TASK TO COMPLETE: For the data below, restate word for word only the lines from the line containing "Детский комод Мая 3 BMS - Фото" through the line containing "Xe đẩy thức ăn 3 tầng bằng inox XA1605-S", both ends included.

** RECORDS FOR THIS EXERCISE follows **

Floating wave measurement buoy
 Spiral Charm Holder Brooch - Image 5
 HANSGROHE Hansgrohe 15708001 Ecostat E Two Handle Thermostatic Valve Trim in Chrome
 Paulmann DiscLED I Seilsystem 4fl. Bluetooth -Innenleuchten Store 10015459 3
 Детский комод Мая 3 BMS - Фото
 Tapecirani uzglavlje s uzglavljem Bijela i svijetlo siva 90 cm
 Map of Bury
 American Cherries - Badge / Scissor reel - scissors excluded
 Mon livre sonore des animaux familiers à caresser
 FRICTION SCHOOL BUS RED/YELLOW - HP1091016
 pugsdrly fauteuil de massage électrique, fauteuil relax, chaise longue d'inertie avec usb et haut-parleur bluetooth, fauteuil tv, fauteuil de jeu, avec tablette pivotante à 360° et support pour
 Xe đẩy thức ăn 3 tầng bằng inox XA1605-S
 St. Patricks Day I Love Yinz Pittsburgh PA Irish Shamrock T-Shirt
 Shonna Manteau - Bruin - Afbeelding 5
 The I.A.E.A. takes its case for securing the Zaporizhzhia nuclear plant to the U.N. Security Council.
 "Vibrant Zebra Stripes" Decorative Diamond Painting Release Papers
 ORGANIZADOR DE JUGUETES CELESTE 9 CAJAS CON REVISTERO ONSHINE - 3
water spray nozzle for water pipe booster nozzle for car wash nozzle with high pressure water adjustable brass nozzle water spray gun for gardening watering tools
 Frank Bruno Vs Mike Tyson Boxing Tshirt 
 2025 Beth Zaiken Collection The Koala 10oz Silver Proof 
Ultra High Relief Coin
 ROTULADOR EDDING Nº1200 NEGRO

** End of RECORDS FOR THIS EXERCISE **

EXERCISE OUTPUT:
 Детский комод Мая 3 BMS - Фото
 Tapecirani uzglavlje s uzglavljem Bijela i svijetlo siva 90 cm
 Map of Bury
 American Cherries - Badge / Scissor reel - scissors excluded
 Mon livre sonore des animaux familiers à caresser
 FRICTION SCHOOL BUS RED/YELLOW - HP1091016
 pugsdrly fauteuil de massage électrique, fauteuil relax, chaise longue d'inertie avec usb et haut-parleur bluetooth, fauteuil tv, fauteuil de jeu, avec tablette pivotante à 360° et support pour
 Xe đẩy thức ăn 3 tầng bằng inox XA1605-S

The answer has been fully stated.